The migration from Cypress to Playwright refers to the structured change of a test automation framework during ongoing operations. This is typically triggered by technical limitations such as a lack of iFrame support, scrolling problems and dependencies on third-party parallelization services. The changeover is best achieved via a hackathon to evaluate the framework, a clear prioritization of critical test paths and gradual migration in parallel with day-to-day business.
Key Takeaways
- A hackathon in which seven tools are tested on real test scenarios of your own website provides more decision-making certainty than any purely static market research or manufacturer demo.
- Cypress blocks the use of the third-party parallelization service “Currents” from version 13, which effectively forces teams who do not want to book the expensive Cypress cloud to switch frameworks.
- The transition from Cypress to Playwright takes longer than a year at Displate, despite clear prioritization, because the QA team has to maintain its regular testing operations in parallel.

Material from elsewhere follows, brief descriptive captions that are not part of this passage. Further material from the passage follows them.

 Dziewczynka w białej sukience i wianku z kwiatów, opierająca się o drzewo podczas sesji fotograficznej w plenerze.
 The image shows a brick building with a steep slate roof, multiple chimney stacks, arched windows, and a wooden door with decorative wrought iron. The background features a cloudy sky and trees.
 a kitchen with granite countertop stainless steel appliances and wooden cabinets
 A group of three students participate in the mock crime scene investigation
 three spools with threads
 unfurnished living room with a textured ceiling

- Anyone who translates Cypress code one-to-one into Playwright is fighting against the framework instead of with it, because the two tools take fundamentally different approaches to session and data management.
- Tests that run permanently against the production environment falsify analysis data if cookies and tracking parameters are not specifically deactivated.

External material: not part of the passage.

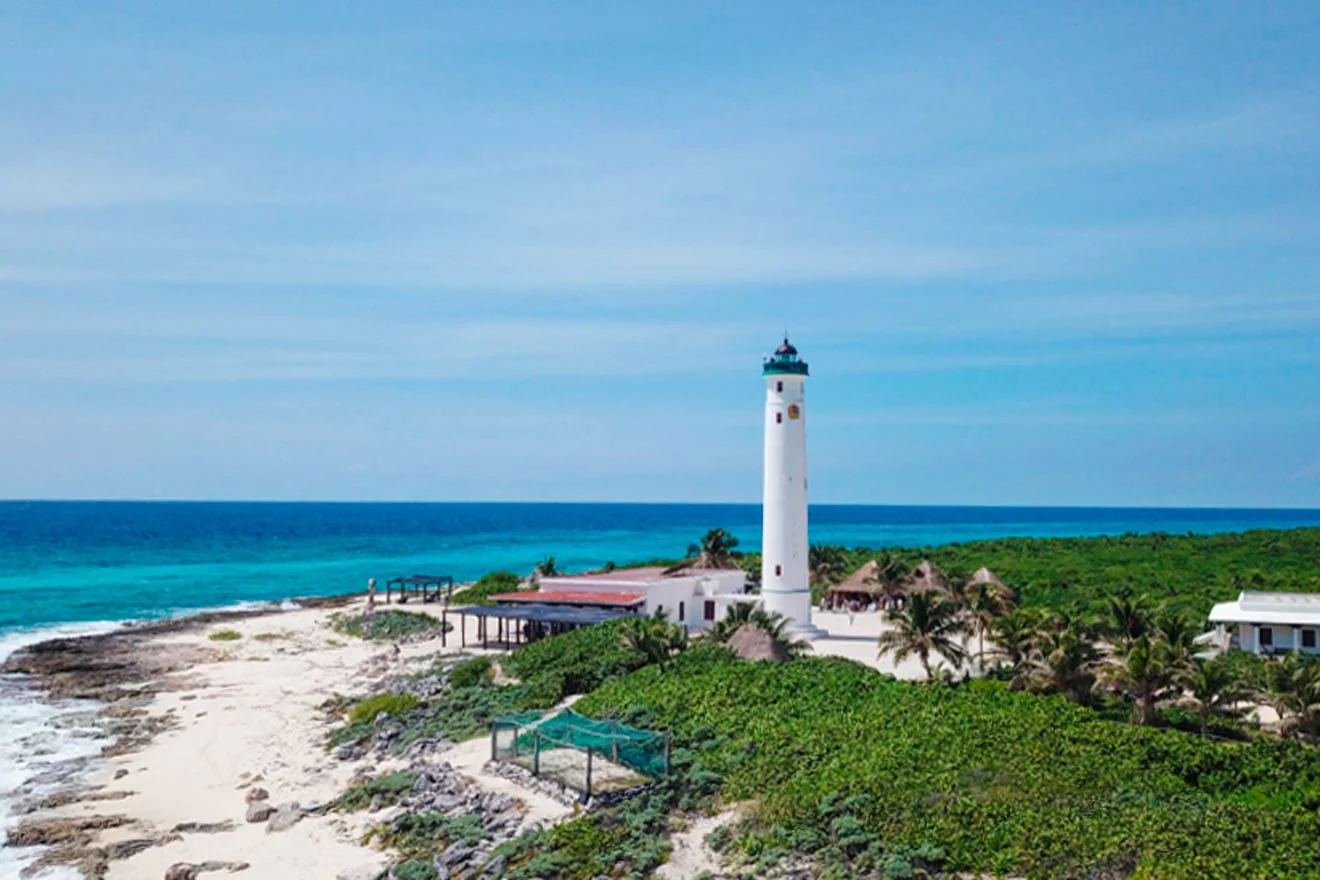 A tall lighthouse stands on a coastal area, surrounded by greenery and a few buildings, with a clear blue sky and ocean in the background.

Why Cypress is reaching its limits after years of use
Cypress is quick to learn, but forces teams into a very unique way of writing tests. The framework comes with a domain-specific language, its own logic for assertions and fixed ideas of what a test should check. Anyone who deviates from this works against the tool instead of with it.
This is exactly what became a problem for an e-commerce provider with its own factory. Behind the visible store lie many of its own admin functions: Management of artworks, copyrights, coordination with artists. This mix of standard store and custom code did not fit well with the assumptions Cypress makes about a typical test case.
A recurring point of friction was iFrames. Third-party providers such as payment service providers are often integrated as iFrames, and Cypress can only deal with this via additional plugins. Such plugins solve the problem in the short term, but have to be checked for compatibility every time a new version is released.
Screenshots in the event of an error also caused effort. On a very long page, the full-screen screenshot did not reliably land at the point where the test failed. Instead, it showed the header several times. Workaround followed workaround without a clean solution being found.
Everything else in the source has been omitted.